According to the U.S. Department of Agriculture, more than 1,000 farmers’ markets have opened up across the country within the past year, increasing by 17% since 2010. This doesn’t surprise me at all, since 2 have popped up in my area in the last year alone. There are currently 7,175 farmer’s markets across the country.
The growth of farmers’ markets is most significant in states where they were not really popular before, with Texas and Alaska reporting the highest increases. It’s not just a way to make money, but a great marketing tool for young farmers and a way to get their name and products out there locally.
Location and diversity are two of the biggest factors that make or break a farmers’ market. Markets located in a place that is easy to get to do exceptionally well, especially if locals can walk or ride their bike there in the morning. Aside from location, if markets have diverse products such as jellies, baked goods, and hard-to-find herbs and spices rather than just cucumbers and tomatoes, they should experience plenty of success and growth.
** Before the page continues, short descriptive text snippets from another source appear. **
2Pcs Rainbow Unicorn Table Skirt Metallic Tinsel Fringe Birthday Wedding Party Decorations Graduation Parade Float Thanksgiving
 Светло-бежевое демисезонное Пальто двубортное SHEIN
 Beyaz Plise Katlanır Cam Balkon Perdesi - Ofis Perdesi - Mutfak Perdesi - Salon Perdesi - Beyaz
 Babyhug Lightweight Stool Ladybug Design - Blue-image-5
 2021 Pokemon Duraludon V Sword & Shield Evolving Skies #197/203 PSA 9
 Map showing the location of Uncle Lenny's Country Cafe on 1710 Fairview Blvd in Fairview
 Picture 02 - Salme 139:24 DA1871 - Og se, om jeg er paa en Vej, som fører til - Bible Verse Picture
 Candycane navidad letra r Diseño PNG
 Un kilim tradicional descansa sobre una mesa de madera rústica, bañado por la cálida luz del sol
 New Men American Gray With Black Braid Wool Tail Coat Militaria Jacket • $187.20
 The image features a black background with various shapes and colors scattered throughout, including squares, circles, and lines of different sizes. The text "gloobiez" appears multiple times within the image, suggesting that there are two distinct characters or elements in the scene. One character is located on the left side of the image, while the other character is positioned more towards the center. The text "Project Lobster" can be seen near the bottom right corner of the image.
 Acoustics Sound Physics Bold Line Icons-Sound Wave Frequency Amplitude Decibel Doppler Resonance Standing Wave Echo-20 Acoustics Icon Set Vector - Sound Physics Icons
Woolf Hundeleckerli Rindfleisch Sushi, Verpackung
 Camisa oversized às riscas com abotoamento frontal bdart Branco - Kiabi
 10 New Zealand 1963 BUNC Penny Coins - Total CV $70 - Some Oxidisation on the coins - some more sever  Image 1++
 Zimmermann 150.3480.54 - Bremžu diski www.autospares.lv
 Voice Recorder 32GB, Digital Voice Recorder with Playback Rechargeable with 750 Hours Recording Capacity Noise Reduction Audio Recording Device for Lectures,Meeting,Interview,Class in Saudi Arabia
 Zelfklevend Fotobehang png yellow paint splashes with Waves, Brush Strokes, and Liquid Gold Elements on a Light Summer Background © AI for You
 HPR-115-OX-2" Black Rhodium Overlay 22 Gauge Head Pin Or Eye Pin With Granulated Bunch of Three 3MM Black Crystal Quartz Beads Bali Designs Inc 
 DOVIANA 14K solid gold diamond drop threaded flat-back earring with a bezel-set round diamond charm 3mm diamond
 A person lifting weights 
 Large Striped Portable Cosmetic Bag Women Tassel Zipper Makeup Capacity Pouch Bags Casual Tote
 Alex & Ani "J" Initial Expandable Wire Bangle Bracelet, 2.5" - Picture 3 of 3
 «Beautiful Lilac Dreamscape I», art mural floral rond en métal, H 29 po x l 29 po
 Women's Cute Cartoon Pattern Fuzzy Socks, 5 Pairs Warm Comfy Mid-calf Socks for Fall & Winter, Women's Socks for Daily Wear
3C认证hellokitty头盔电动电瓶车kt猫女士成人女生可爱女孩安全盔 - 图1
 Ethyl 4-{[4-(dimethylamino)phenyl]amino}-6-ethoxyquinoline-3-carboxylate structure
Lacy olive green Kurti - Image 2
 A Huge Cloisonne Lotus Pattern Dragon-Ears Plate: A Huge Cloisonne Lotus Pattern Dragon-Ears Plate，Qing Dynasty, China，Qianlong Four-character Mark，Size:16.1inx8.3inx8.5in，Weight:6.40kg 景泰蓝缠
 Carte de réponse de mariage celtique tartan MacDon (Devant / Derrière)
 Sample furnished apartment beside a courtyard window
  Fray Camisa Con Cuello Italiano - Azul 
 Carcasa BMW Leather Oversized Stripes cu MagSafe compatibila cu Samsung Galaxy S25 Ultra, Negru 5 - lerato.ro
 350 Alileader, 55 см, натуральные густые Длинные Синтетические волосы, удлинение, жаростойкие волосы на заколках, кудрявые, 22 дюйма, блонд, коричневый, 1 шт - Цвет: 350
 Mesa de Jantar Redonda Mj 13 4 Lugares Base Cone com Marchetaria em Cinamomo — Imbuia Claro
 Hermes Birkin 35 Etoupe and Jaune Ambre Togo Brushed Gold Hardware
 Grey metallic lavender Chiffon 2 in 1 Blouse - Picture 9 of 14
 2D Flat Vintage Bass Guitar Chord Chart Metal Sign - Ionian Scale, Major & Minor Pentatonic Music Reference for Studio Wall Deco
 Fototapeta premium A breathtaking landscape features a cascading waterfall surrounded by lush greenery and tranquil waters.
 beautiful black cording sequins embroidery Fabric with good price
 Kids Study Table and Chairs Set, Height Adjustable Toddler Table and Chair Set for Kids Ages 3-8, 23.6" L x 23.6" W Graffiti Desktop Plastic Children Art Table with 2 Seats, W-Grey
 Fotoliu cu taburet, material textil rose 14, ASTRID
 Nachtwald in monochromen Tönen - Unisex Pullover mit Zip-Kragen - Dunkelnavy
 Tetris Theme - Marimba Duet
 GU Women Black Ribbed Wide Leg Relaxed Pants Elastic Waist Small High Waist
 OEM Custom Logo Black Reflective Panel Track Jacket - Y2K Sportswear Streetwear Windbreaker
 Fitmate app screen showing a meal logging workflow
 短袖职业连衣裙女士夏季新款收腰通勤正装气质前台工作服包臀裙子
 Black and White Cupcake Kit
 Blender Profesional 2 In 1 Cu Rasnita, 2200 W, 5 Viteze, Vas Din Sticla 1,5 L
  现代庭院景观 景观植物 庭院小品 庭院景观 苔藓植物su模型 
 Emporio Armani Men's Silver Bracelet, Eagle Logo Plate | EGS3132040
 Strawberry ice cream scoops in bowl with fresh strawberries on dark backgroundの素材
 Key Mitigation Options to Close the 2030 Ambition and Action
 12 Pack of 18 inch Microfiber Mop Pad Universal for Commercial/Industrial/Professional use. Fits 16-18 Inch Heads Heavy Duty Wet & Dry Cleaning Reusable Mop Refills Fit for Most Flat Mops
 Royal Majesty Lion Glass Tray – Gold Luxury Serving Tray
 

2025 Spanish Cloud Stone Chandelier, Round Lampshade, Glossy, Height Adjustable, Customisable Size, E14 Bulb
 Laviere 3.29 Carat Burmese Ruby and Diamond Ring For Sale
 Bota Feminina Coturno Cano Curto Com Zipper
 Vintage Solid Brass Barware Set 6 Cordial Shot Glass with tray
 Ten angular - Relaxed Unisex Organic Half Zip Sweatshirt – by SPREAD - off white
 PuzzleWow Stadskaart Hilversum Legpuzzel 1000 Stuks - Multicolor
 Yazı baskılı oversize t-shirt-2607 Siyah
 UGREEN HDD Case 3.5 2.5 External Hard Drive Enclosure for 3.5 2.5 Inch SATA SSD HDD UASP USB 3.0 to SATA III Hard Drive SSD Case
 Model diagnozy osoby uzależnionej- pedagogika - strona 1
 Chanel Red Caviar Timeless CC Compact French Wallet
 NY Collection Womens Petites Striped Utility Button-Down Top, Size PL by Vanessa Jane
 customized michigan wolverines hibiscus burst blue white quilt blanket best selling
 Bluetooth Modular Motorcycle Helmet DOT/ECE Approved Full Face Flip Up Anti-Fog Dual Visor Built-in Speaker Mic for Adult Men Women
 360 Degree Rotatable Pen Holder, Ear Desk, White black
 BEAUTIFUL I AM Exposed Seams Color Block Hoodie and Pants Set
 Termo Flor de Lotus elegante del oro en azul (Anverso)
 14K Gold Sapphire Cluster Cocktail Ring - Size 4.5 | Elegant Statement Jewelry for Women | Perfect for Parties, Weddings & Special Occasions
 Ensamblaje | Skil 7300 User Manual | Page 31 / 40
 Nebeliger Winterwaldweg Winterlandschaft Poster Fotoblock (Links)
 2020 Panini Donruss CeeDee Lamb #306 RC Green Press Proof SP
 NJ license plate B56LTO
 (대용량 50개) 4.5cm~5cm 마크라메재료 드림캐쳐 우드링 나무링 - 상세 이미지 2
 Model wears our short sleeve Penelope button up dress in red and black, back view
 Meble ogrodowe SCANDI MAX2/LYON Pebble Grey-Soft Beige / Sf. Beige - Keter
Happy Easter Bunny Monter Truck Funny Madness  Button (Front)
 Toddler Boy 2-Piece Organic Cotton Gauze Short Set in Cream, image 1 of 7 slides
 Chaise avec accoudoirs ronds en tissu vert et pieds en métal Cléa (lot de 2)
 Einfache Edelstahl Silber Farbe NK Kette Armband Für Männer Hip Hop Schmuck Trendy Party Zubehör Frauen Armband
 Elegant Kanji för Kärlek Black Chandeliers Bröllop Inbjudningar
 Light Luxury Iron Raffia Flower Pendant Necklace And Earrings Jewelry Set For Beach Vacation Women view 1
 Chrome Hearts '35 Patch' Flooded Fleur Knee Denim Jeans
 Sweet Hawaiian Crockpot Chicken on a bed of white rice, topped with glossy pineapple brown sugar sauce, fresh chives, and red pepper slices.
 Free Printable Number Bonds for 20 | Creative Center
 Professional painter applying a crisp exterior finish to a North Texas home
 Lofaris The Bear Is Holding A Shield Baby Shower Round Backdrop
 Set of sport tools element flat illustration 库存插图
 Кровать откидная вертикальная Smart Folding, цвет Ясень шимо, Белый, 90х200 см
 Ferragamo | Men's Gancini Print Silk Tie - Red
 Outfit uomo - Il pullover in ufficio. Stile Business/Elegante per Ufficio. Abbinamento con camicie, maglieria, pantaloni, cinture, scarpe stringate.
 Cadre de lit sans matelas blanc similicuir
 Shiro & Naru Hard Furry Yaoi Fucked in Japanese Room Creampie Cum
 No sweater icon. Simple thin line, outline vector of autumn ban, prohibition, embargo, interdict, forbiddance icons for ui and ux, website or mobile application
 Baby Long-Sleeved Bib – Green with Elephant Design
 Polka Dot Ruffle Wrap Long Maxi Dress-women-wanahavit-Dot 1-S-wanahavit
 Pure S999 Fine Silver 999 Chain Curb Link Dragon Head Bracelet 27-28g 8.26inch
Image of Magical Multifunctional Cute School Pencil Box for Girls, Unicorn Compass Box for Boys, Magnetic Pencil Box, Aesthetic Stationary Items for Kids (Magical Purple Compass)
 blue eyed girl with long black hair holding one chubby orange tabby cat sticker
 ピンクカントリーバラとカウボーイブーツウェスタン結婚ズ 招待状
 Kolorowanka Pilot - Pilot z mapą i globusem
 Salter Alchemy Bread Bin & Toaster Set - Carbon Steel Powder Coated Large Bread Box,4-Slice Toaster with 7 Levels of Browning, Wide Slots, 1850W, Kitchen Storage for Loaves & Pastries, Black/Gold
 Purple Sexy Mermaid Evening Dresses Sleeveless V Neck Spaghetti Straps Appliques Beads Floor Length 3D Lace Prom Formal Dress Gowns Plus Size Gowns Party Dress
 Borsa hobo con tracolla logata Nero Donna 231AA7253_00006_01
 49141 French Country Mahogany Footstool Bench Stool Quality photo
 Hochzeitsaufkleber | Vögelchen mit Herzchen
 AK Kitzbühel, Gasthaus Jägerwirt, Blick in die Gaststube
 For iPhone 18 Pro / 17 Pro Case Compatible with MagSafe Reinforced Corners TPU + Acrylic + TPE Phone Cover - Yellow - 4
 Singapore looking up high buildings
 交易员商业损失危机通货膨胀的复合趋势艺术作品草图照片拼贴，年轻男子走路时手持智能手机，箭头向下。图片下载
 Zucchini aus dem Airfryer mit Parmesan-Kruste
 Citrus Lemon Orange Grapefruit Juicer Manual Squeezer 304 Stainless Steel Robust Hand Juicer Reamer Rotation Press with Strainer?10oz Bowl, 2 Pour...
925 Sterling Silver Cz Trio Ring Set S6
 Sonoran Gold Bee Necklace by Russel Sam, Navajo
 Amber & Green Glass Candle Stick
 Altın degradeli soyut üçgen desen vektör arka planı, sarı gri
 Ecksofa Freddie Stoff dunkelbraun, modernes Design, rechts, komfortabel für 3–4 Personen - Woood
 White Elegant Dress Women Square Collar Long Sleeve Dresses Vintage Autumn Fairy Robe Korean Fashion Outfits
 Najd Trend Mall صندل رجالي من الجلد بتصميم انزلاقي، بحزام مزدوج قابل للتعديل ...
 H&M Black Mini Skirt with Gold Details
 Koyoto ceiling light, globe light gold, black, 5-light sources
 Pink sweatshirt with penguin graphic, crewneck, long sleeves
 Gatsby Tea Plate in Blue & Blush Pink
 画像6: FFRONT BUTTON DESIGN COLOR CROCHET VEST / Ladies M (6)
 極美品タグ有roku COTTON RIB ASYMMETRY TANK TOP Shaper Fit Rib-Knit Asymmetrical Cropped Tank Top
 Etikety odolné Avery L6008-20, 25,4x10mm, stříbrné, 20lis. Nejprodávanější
Farmers’ markets are also turning into a local hangout where friends run into each other, families get together, and artists bring in crafts or musical performances as a way to entertain visitors. It’s becoming more of just a place to buy vegetables, and into a cultural, localized event where visitors can buy local and organic goods, spend time with friends and family and support independent workers in their community.
I visit my local farmers’ market on the regular and in one trip I’ve purchased ingredients for guacamole, red pepper soup, and fried rice for less than $20. Good deal, I’d say.
Grab your friends, grab a few reusable shopping bags and head to the farmers’ market to swap recipe ideas and find some delicious local goodies. Not sure if there’s a market near you? Search the directory on the USDA Farmer’s Market website to find one in your neighborhood.